I want to split the hair one micron further:Well there is an important hair to split:
If you want something to have the character of a _puzzle_ (this includes actual puzzles as well as encounters and mapping challenges and other complex kinds of multi-step secrets) then it helps to have a thing prepped.
It doesn't "have its own reality" but it sure as hell makes it easier to create a puzzle-style challenge and the kinds of challenges related to that.
I think in some puzzle-oriented play (eg classic dungeon exploration in the sort of mould that Gygax sets out in the closing pages of his PHB, that Lewis Pulsipher used to articulate in late-70s White Dwarf, etc), there is an implicit commitment by the GM to have the puzzle elements authored in advance so that the players can then deploy resources (eg ingame time, detection magic, etc) to work out those elements and unravel the puzzle.
This isn't necessarily related to "objective reality" - eg in this style I think it's completely fair to have rooms with an A% of thing X or (100-A)% of thing Y (eg the ogre is in their torturing the kobold, or is down the hall having a nap).
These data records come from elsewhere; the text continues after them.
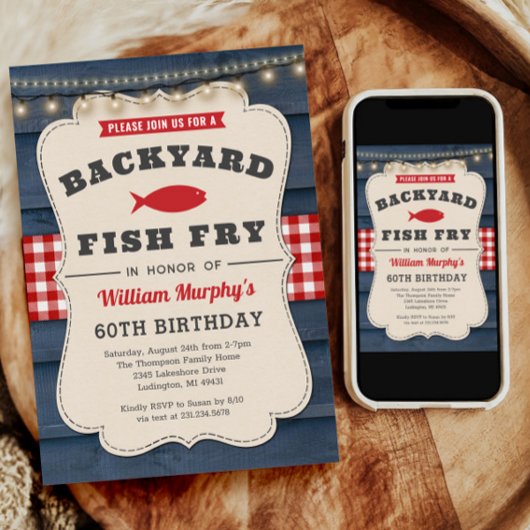 Jardin Fish Fry 60e anniversaire Invitation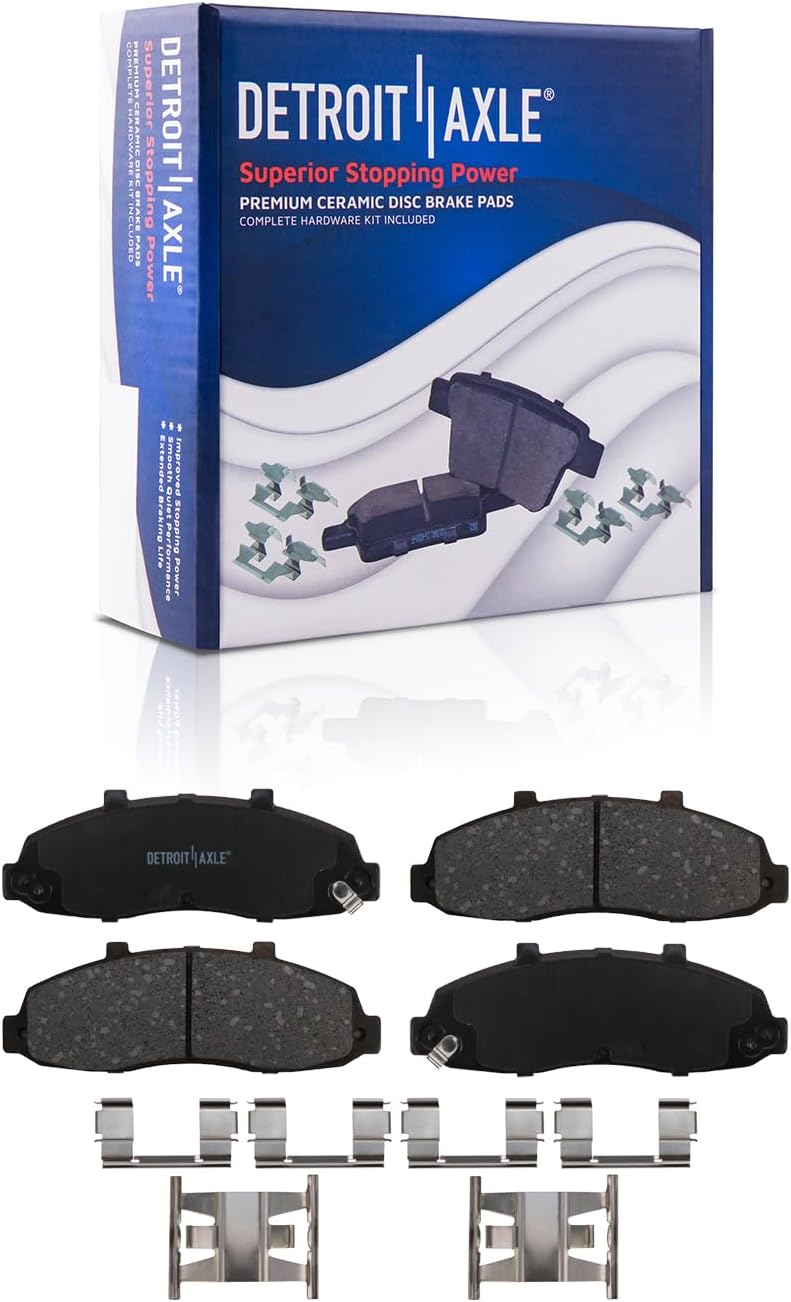 Detroit Axle - Brake Kit for 2WD 2000-03 Ford F-150, 2002 Lincoln Blackwood Replacement 2000 2001 2002 2003 Disc Brakes Rotors Ceramic Brake Pads, Front and Rear [4-Wheel Disc Brakes]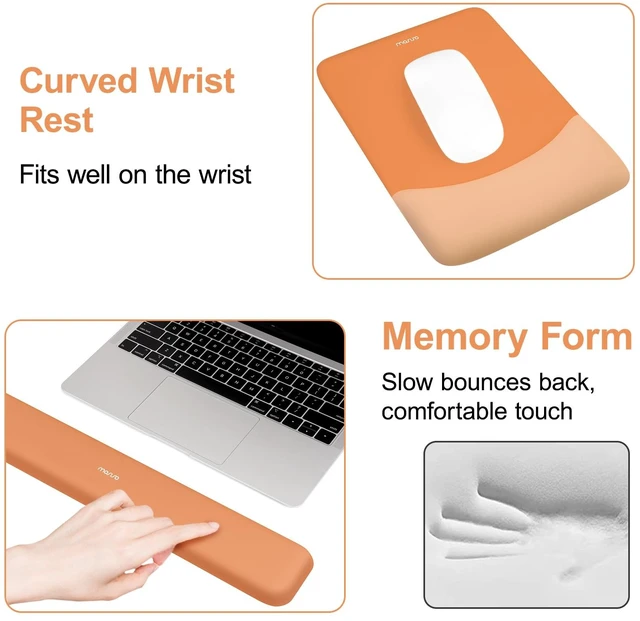 Alt view image 5 of 7 - MOSISO Wrist Rest Support Mouse Pad & Keyboard Set, Cosmic Orange | Rectangular Ergonomic Mousepad, Non-Slip Base, Home/Office Pain Relief & Easy Typing, Neoprene Cloth & Raised Silicone Lining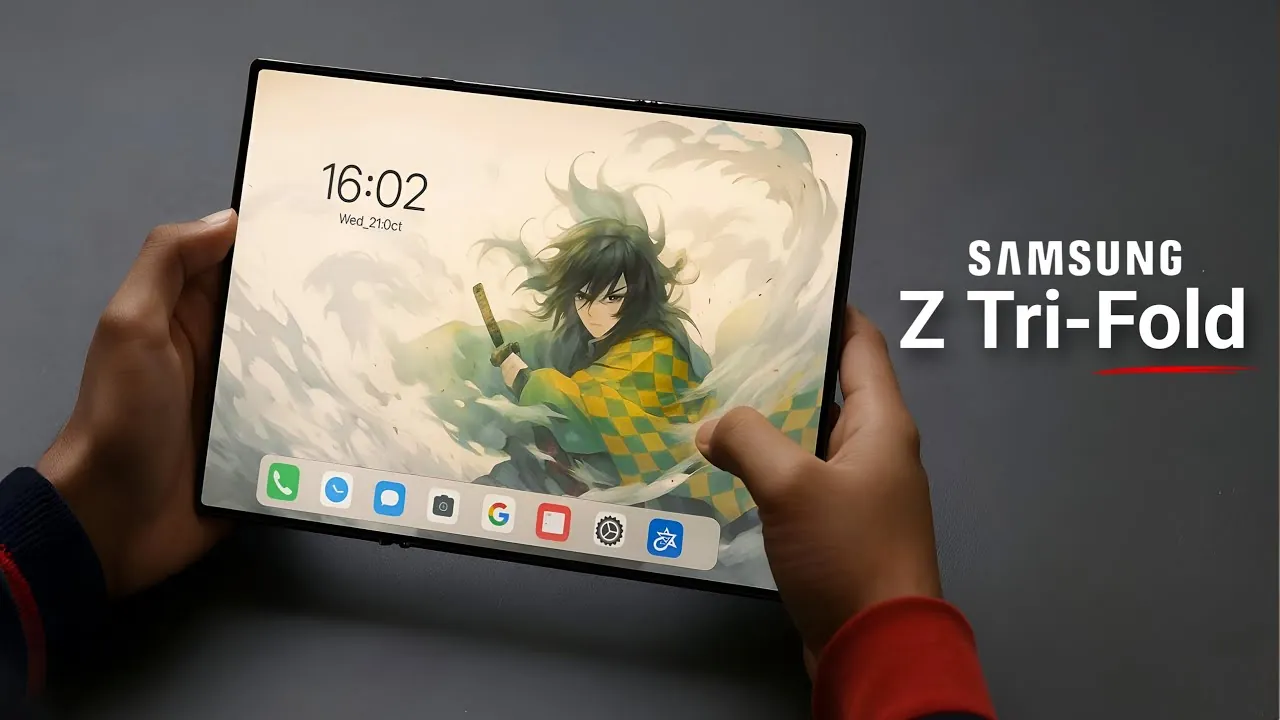 Galaxy Z Trifold transforming from smartphone to tablet mode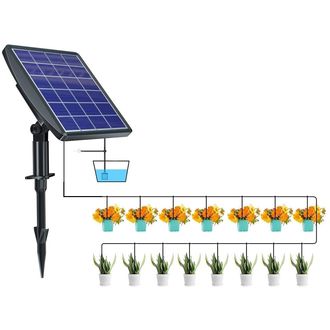Sistem de irigare inteligent cu panou solar, baterie încorporată de 2000 mAh, 15 duze
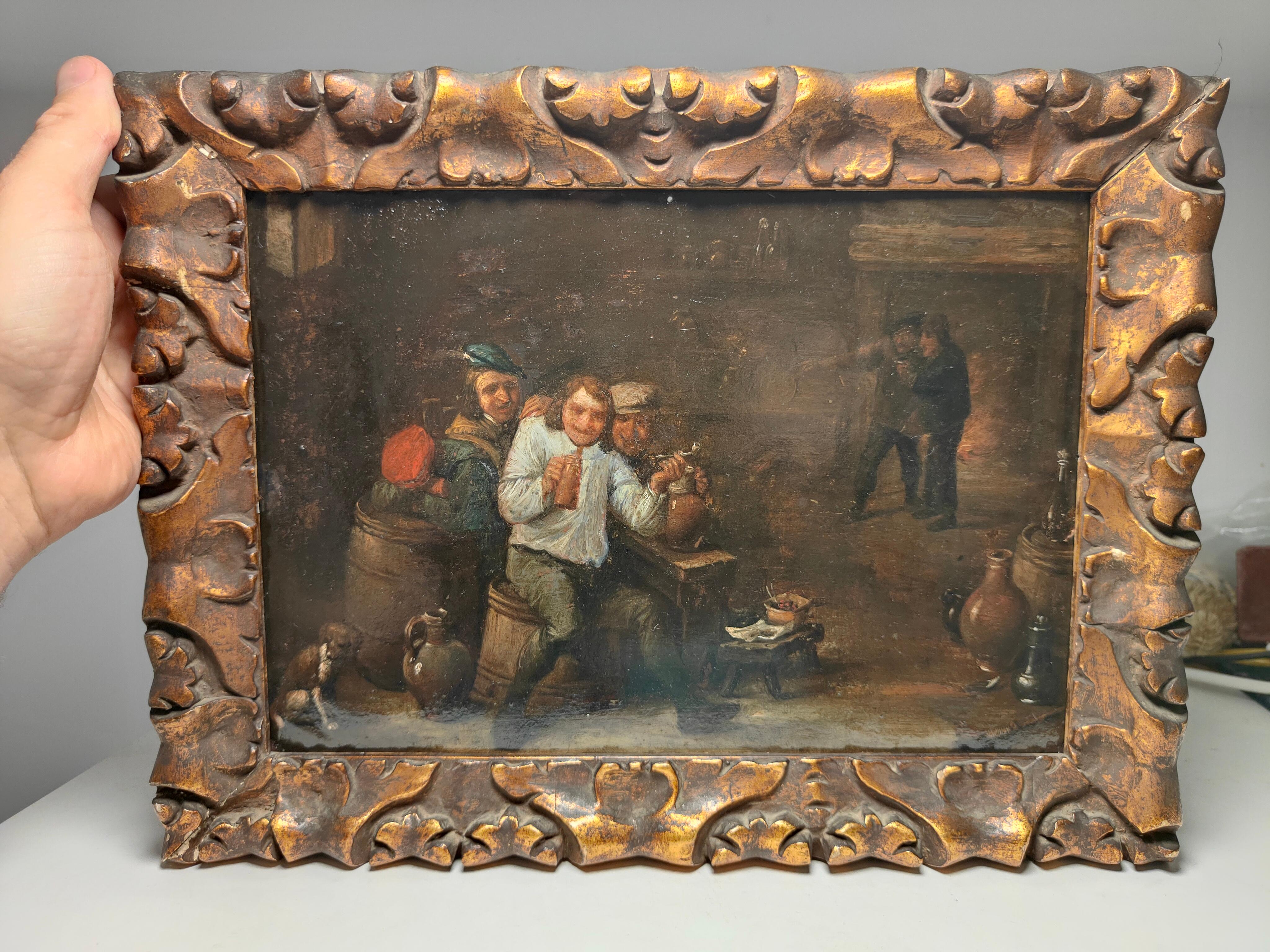  Oil on Copper in the Style of David Teniers, Charming 17th Century Oil Painting For Sale 9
And that "reality" won't become a thing until the game is actually played and that door listened at or opened.
But the GM shouldn't be toying with those percentages during play. In his DMG, Gygax sets out this sort of idea of GM's notes as a pre-play commitment in the rules for evasion of dungeon encounters: if the GM's notes say that the monster does or doesn't pursue, then that takes precedence over everything else.
Only if the GM promises to hold the parameters of the puzzle constant can players solve it using the resources that the game gives to them (via their PCs). It's about fairness and the necessary conditions of a certain sort of puzzle-solving. (It's certainly not about creative integrity, at least as far as I can see.)